___ COLLECTED DATA

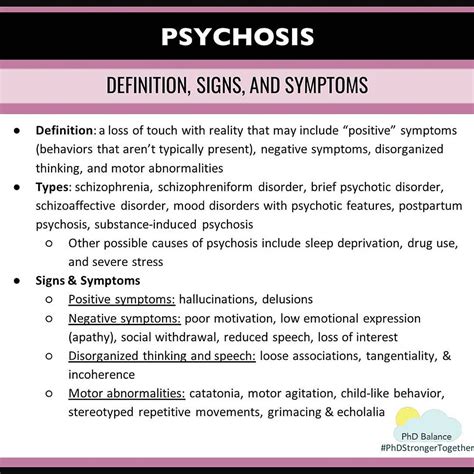 What are the 4 A's of psychosis?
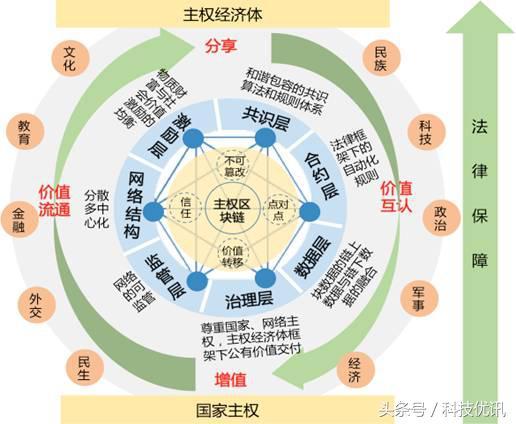 区块链技术的前世今生,白话告诉你区块链究竟是什么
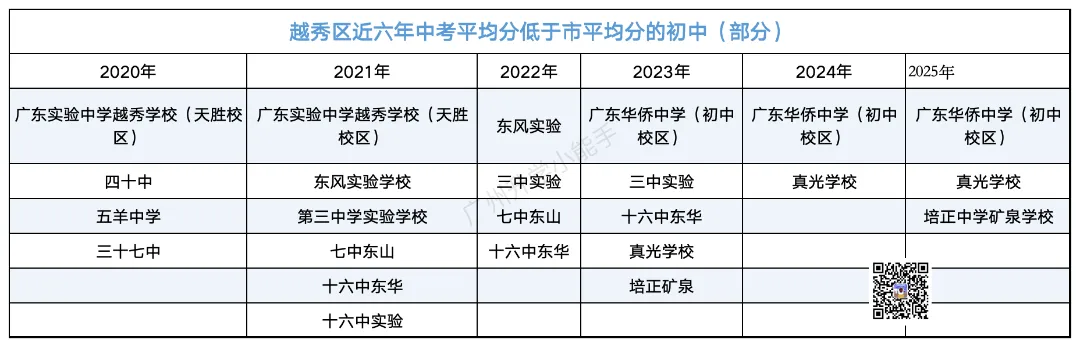 广州各区初中近三年中考成绩汇总!择校参考 第5张 广州各区初中近三年中考成绩汇总!择校参考 第5张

______

Drop the pictures; repeat the listing above exactly.

 What are the 4 A's of psychosis?
 区块链技术的前世今生,白话告诉你区块链究竟是什么
 广州各区初中近三年中考成绩汇总!择校参考 第5张 广州各区初中近三年中考成绩汇总!择校参考 第5张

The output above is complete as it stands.